米国イリノイ州のJ.B.プリツカー州知事(民主党)は2月9日、新型コロナウイルスの感染者数や入院者数が低下し続けた場合、公共施設の屋内エリアで課しているマスク着用義務を2月28日に解除する方針を発表した。同州では2022年1月からのオミクロン株による感染拡大により、ピーク時は7日間平均で約3万2,000人の感染者数、約7,400人の入院患者数となっていたが、現在、7日間平均の感染者は約6,000人(2月9日現在)、入院患者数も約2,500人(2月8日現在)と減少している。

イリノイ州では2021年8月30日、新型コロナウイルスのデルタ株の感染拡大を受けてマスク着用義務が課され、現在までその措置が継続されている。マスク着用義務が解除されたとしても、公共交通機関や医療施設など、連邦政府がマスク着用を義務付けている場所におけるマスク着用義務が継続されるほか、小中学校や高校、幼稚園などでも引き続きマスク着用義務を課す方針だ。

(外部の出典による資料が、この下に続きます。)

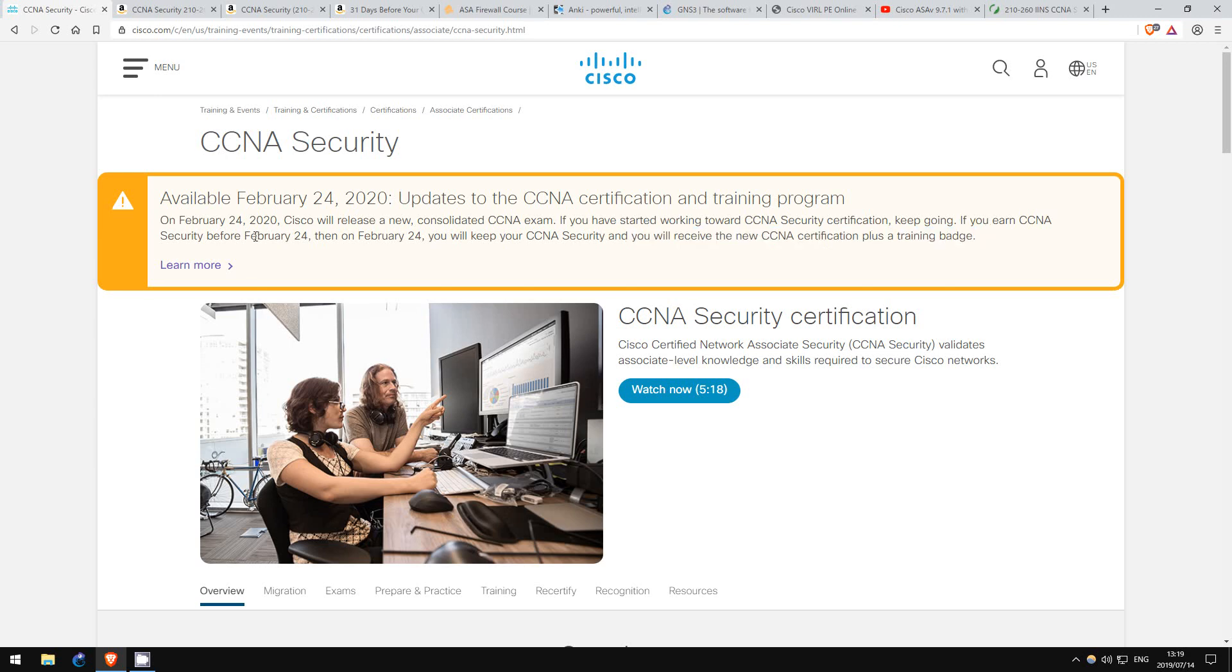So, if you're interested in getting the CCNA Security, I still think it's worth it to go for it, even with the changes coming next year. In this video, I'll show you how I went about getting my CCNA Security earlier this year.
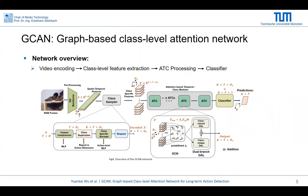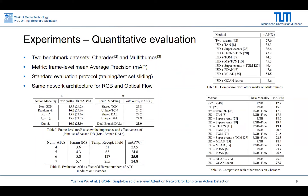More details can be found in our paper. We performed quantitative evaluation on two benchmark datasets: Tredus and Multisormals, following the standard evaluation protocol. We also conducted an ablation study to prove the effectiveness of the combination of our designed adjacency matrix and the dual-branch DAL. We also performed an ablation study for the ATCs.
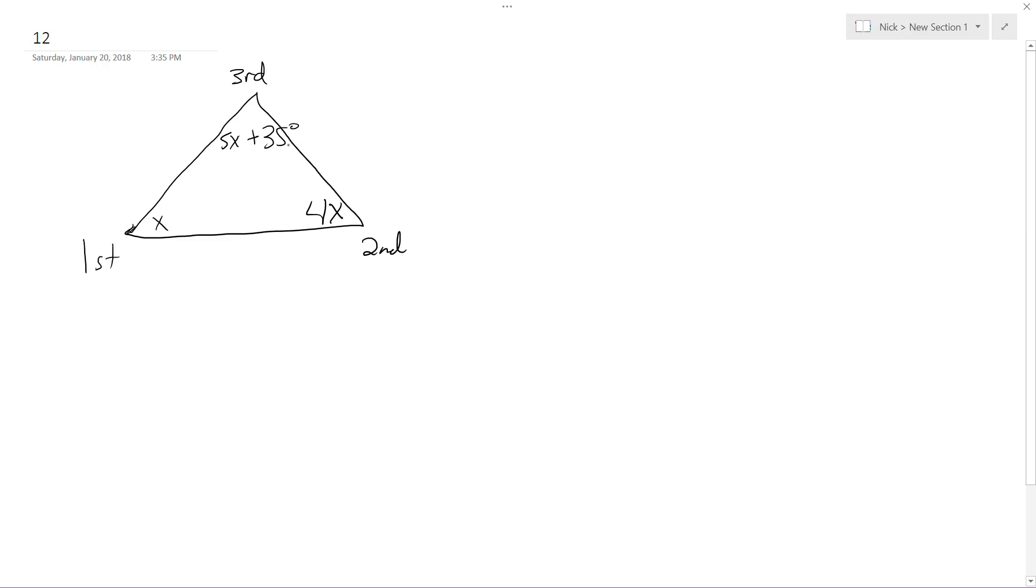Find the measure of the second angle. Okay, so we're going to have x plus 4x, all these add up to 180. Plus 5x plus 35 equals 180.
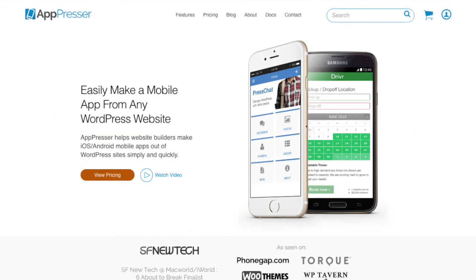Hello, this is John from AppPressor and today I'm going to give you an introduction to the AppPressor product and how it can be used to create a mobile app from your WordPress website.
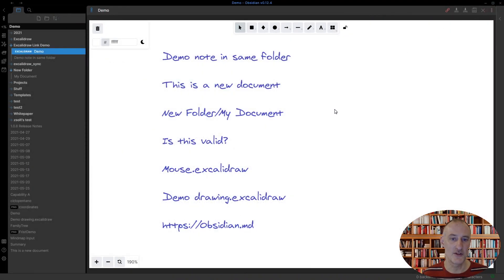So that's the new feature. I hope you like it. Enjoy Excalidraw. Enjoy sketching.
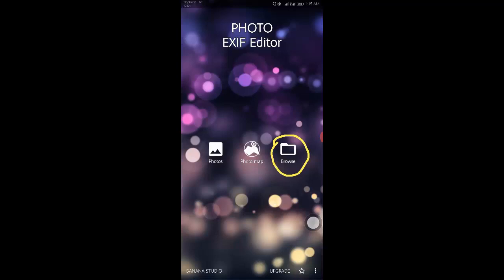Alternatively, you can use the browse option on the start screen to dive into the device's internal storage for deeper access of your images.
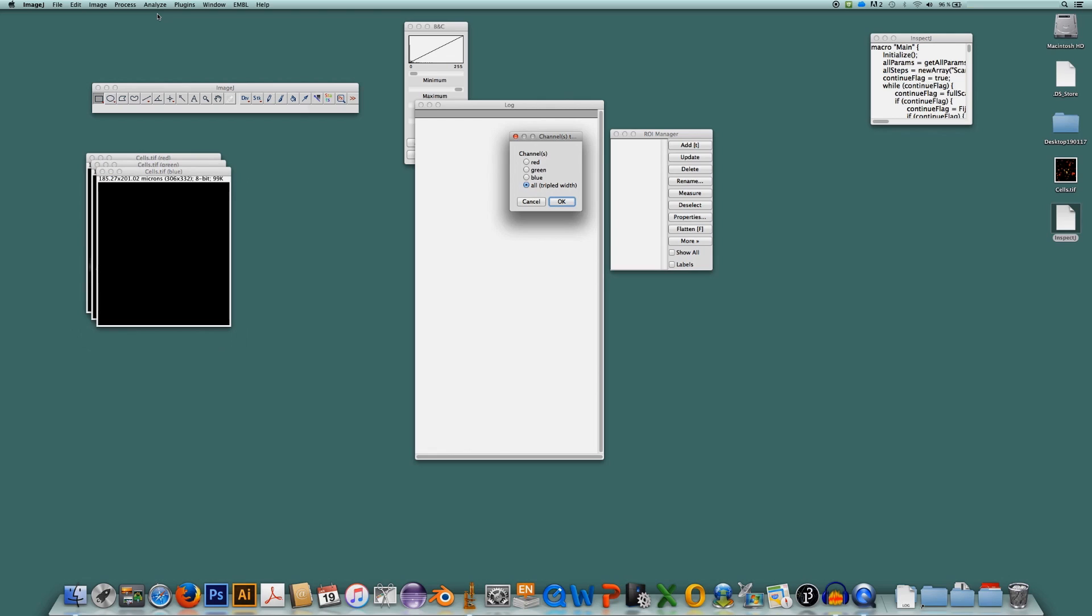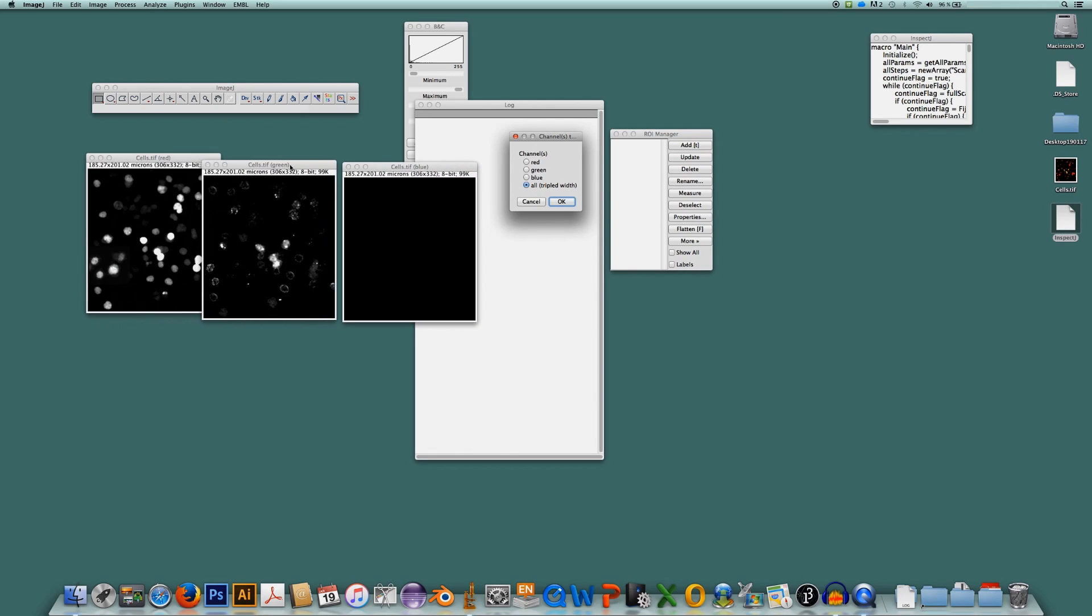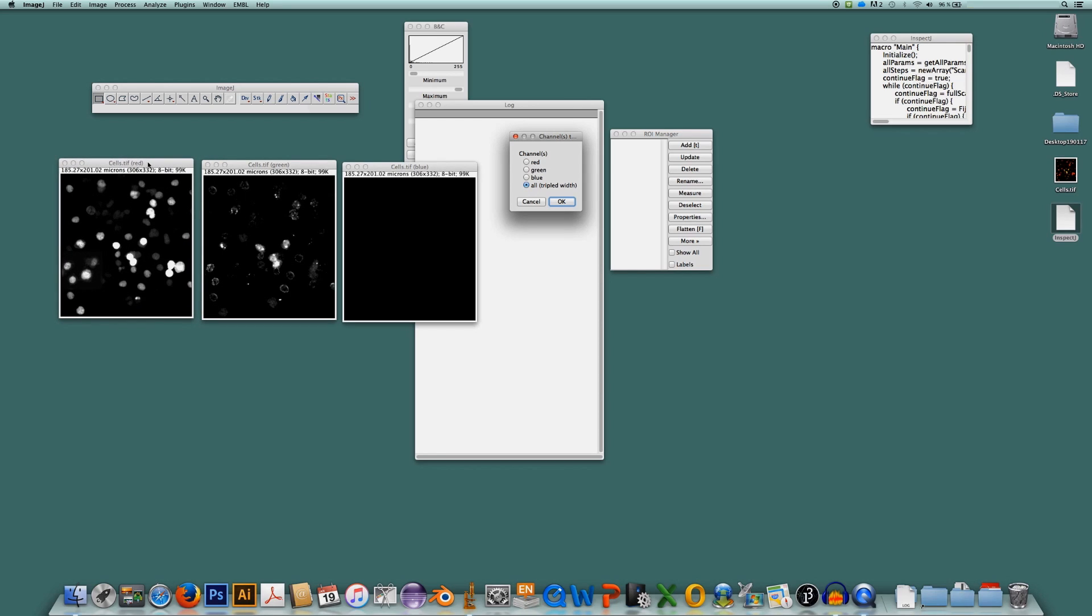The first thing InspectJ will do is it will separate the three channels, the red, green and blue channel of the image. So now we have an individual red, an individual green and the blue channel.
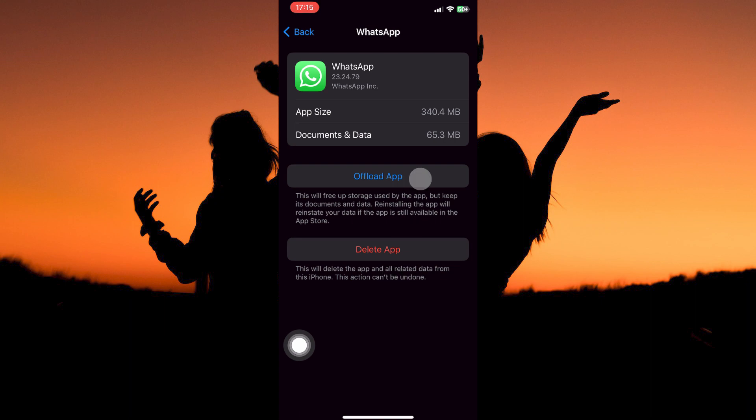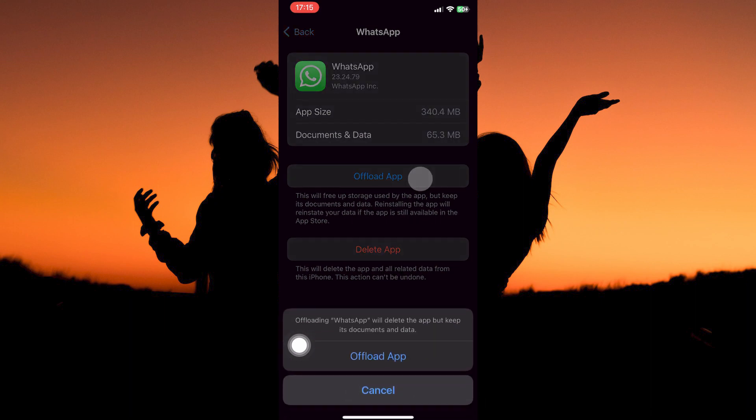Next, tap Offload app. Then, tap Offload again. When you offload the app, cache will be deleted on the WhatsApp app.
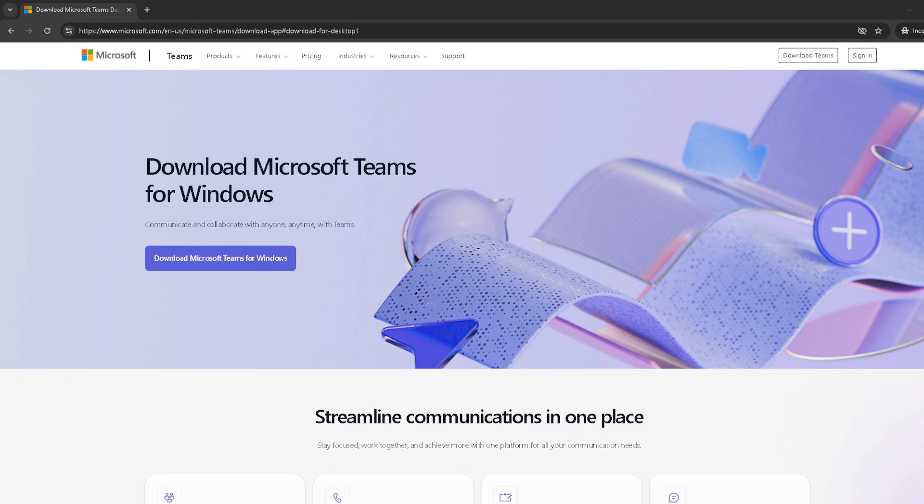First things first, begin by opening your preferred web browser and navigating to the Microsoft Teams website. Once you're there, locate the sign in button and click it.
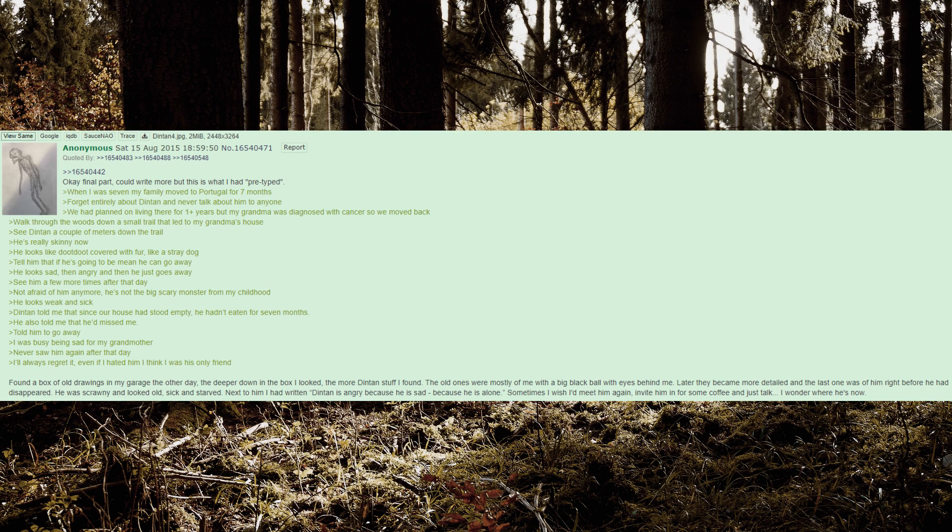See him a few more times after that day. Not afraid of him anymore, he's not the big scary monster from my childhood. He looks weak and sick. Dinton told me that since our house had stood empty, he hadn't eaten for 7 months. He also told me that he'd missed me. Told him to go away. I was busy being sad for my grandmother.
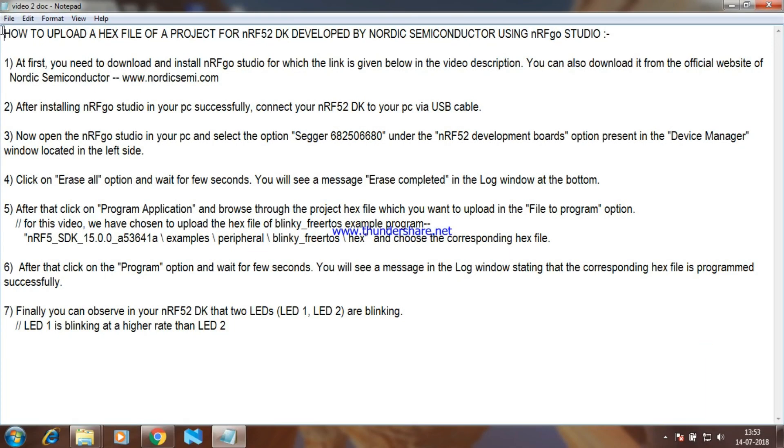Hello everyone! In this video, we will learn about how to upload a hex file of a project for nrf52dk developed by Nordic Semiconductor using nrfgo studio.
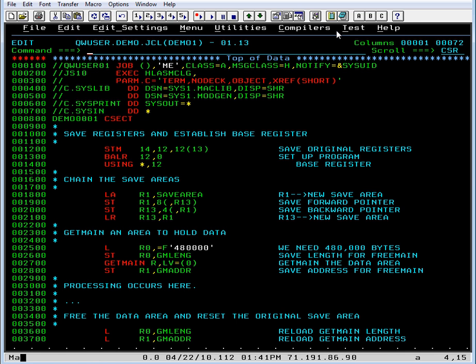So we've used MVS QuickRef to look up the abend code, to obtain a solution, to go back into the program, to edit the solution in, and we see that the solution was correct.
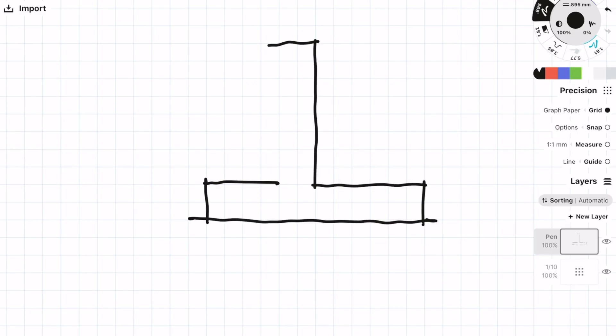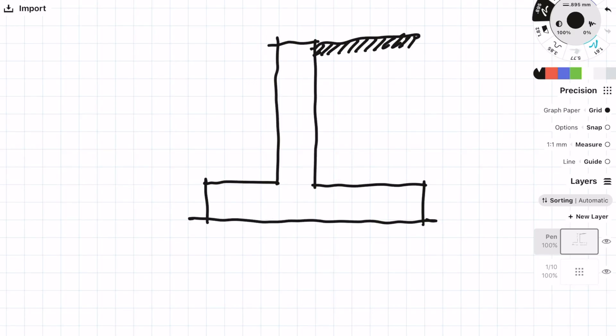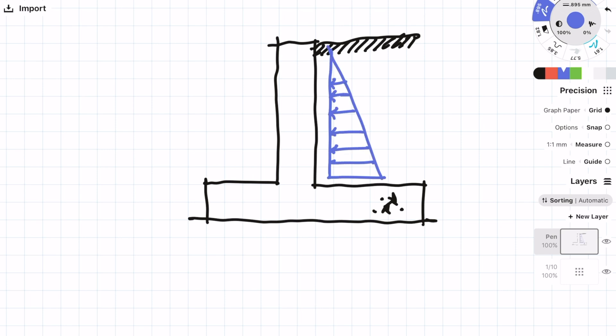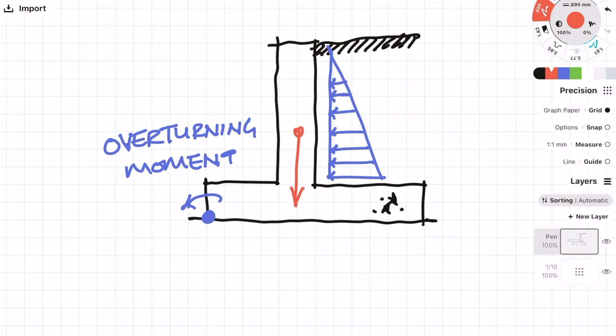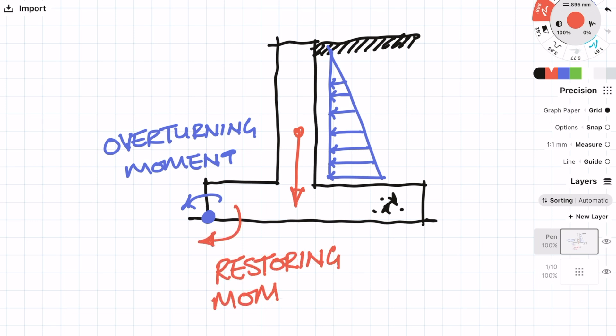An example of equilibrium is when you're designing a structure for stability — say you want to check if a structure is going to topple over, for example a retaining wall. In the design of a retaining wall, the self-weight actually benefits the design, so you actually want to factor down the dead weight and factor up the live load or the lateral forces applied to the retaining wall.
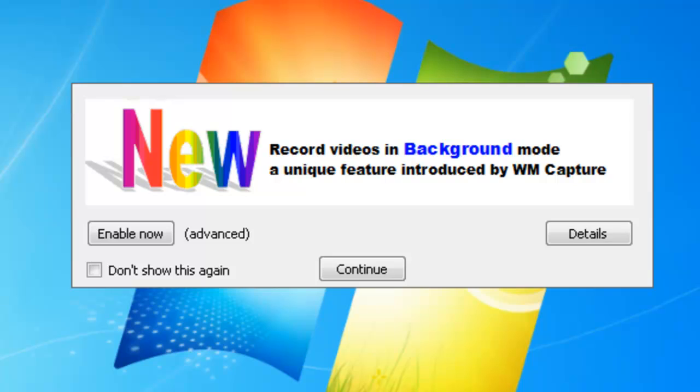You can set up WM Capture the way you always did, get the same beautiful quality that you always did, but now you can put other windows over the window you're screen capturing. You can actually even hide the window you're screen capturing. Background mode is a wonderful revolutionary new feature in WM Capture and we're super excited for you to try it.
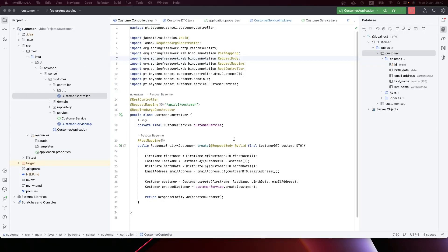Now that we have our controller working very well and we can persist data into the database, it's time to send the customer that we are creating into Kafka. We are going to publish the event into Kafka using the publish-subscribe pattern. If you want to know more about publish-subscribe, just go back to our previous videos.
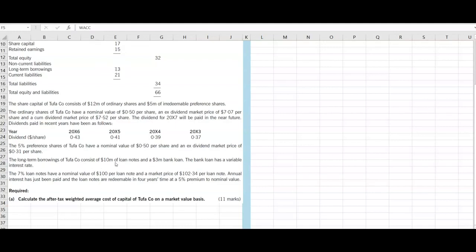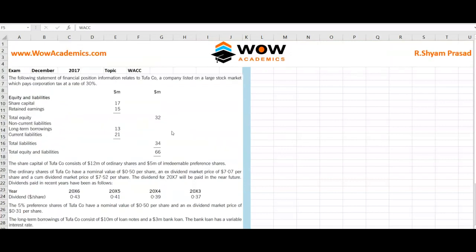The 5% preference shares of 2FA Core have a nominal value of 0.5 dollars per share and an ex-dividend market price of 0.31 per share. The long-term borrowings consist of 10 million loan notes and a 3 million bank loan. Since the bank loan has a variable interest rate, we treat it as short-term finance and do not need to consider this 3 million when calculating the WACC. The 7% loan notes have a nominal value of 100 per loan note and a market price of 102.34. Annual interest has just been paid and the loan notes are redeemable in 4 years' time at a 5% premium to the nominal value.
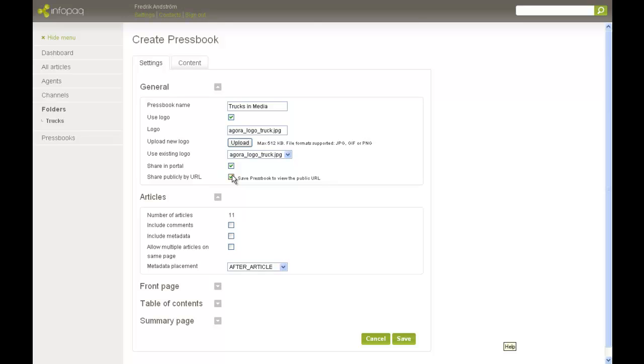In Sense, you can add comments to single articles. Here you can choose to include these comments in the Pressbook. You can add information about the articles, like for instance circulation or reach.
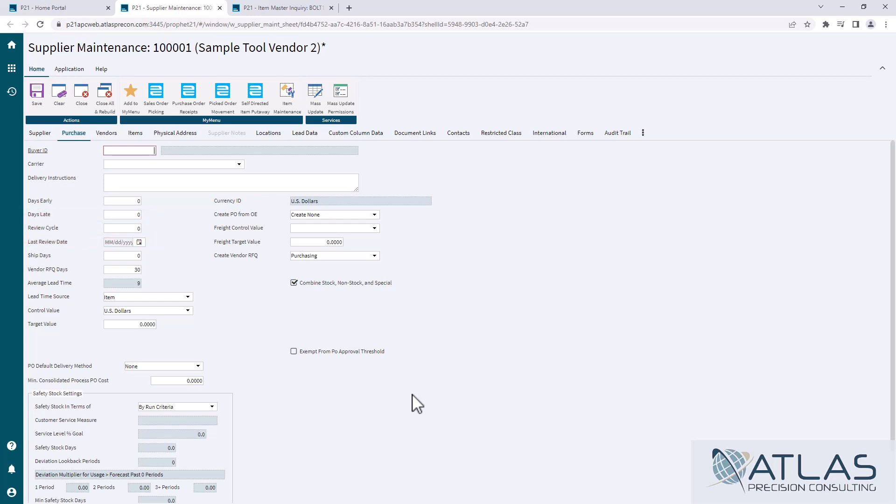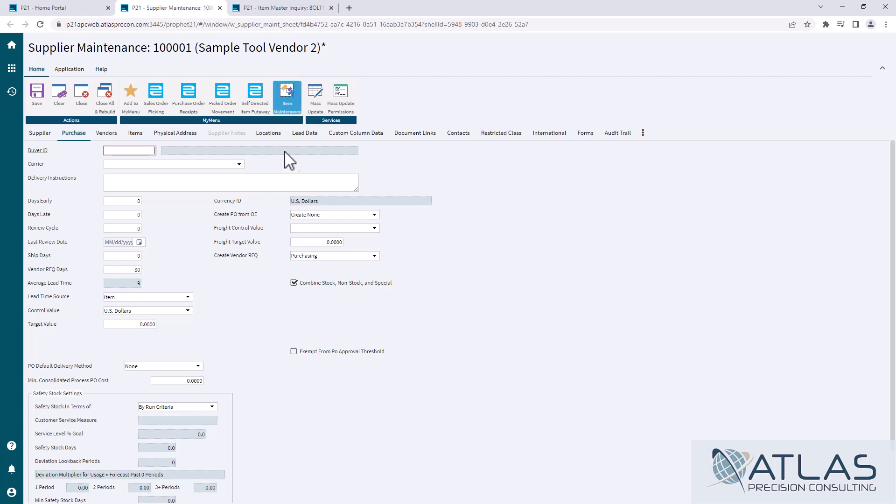Basically, review cycle is you telling P21 how many days between you're looking at this vendor's items. So if you look at this vendor once a week, you'd put a seven there. If it's every two weeks, you'd put 14 and so on. And remember those are calendar days, not business days.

同知事は「多くの自治体、企業、組織では、独自のマスクの着用に関するルールを設けており、これらが尊重されるべき」とマスク着用を求める取り組みへの配慮を求めるとともに、「新型コロナウイルスの感染拡大の中、われわれはマスク着用など感染拡大防止に有効と考えられる手段を講じてきた。こうした取り組みは、人命を救い、経済を維持・成長させるものだった」とマスク着用義務を課してきたことの意義をあらためて語った。

地元裁判所でマスク着用義務が違法と判断

イリノイ州では2月4日、サンガモン郡巡回裁判所が公立学校におけるマスク着用義務を無効とする判断を下しており、州の決定に先立つかたちでマスク着用義務が解除されている。マスク着用義務の合法性については控訴審で係争中だが、2022年はイリノイ州で州知事選挙を控え、現職のプリツカー州知事も再選を狙っていることから、選挙戦を視野に入れつつ、州政府としてマスク着用に関してどのような判断を下すのか注目されている。